One of life’s deepest mysteries is how a single fertilized egg gives rise to an entire organism — a body built from many distinct cell types, each in its proper place and performing its own job, yet all carrying exactly the same genome. How can identical instruction manuals produce a neuron, a muscle fiber, and a skin cell? The answer lies in which genes each cell switches on or off. The genome acts like a computer program: it tells genes when to turn on and off, wires them into intricate networks in which genes regulate one another, and ultimately orchestrates the functions that keep us alive. Decoding this program would transform human health. It would help us understand how an organism develops, why mutations and breakdowns in regulation cause birth defects and disease, and how we might redirect a cell’s fate to treat illness, regenerate damaged organs, or even slow aging. The challenge is daunting: the sheer number of molecules involved, and the combinatorial ways they regulate one another, make the program extraordinarily hard to read.

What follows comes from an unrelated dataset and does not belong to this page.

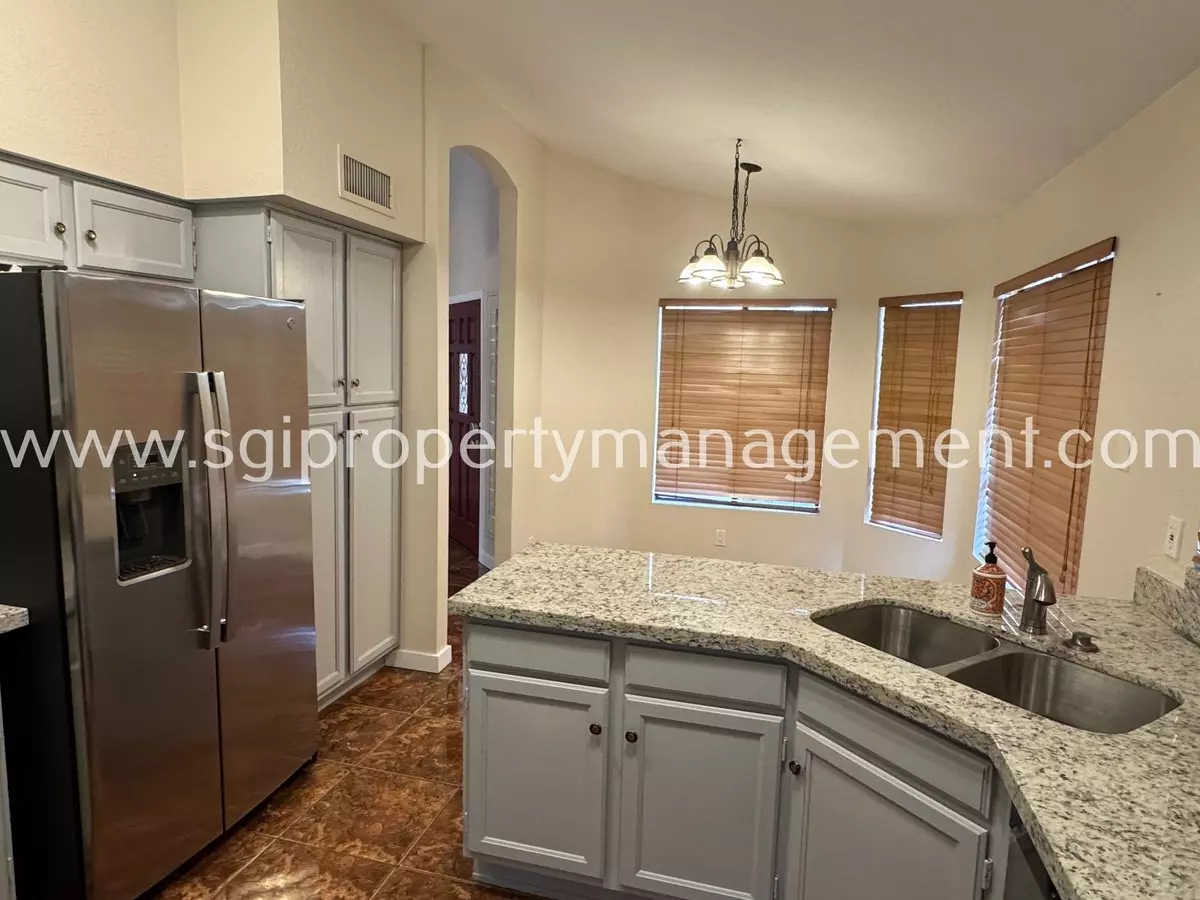 11029 W Crimson Ln photo 4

The era of big data offers new hope. Modern single-cell techniques have produced an unprecedented wealth of data — in particular, detailed snapshots of which genes are active in individual cells. A central goal of my lab is to extract the underlying biology from these snapshots. The task is like being handed thousands of high-resolution photographs and having to assemble them into a movie — and then to figure out what drives the decisions and behavior of each character on screen. Like many researchers, we use powerful machine-learning and artificial-intelligence tools. What sets our approach apart is that we build methods grounded in rigorous physics and mathematics to describe how molecules within and between cells communicate and regulate one another — what we call physics-based virtual cells and virtual organisms.
Two ongoing projects illustrate how we learn biology from data. With collaborators at Harvard Medical School and UCLA, we compared the regulatory dynamics of young and aged muscle stem cells using single-cell data, revealing how aging disrupts cellular function. Our analysis pointed to specific interventions that might rejuvenate aged cells — predictions our collaborators then confirmed in the laboratory. In a second project, funded by the NIH and carried out with colleagues at the Hillman Cancer Center, we are investigating why head and neck cancer patients with and without human papillomavirus (HPV) infection respond so differently to radiation and immunotherapy, and how combination treatments might sensitize their responses.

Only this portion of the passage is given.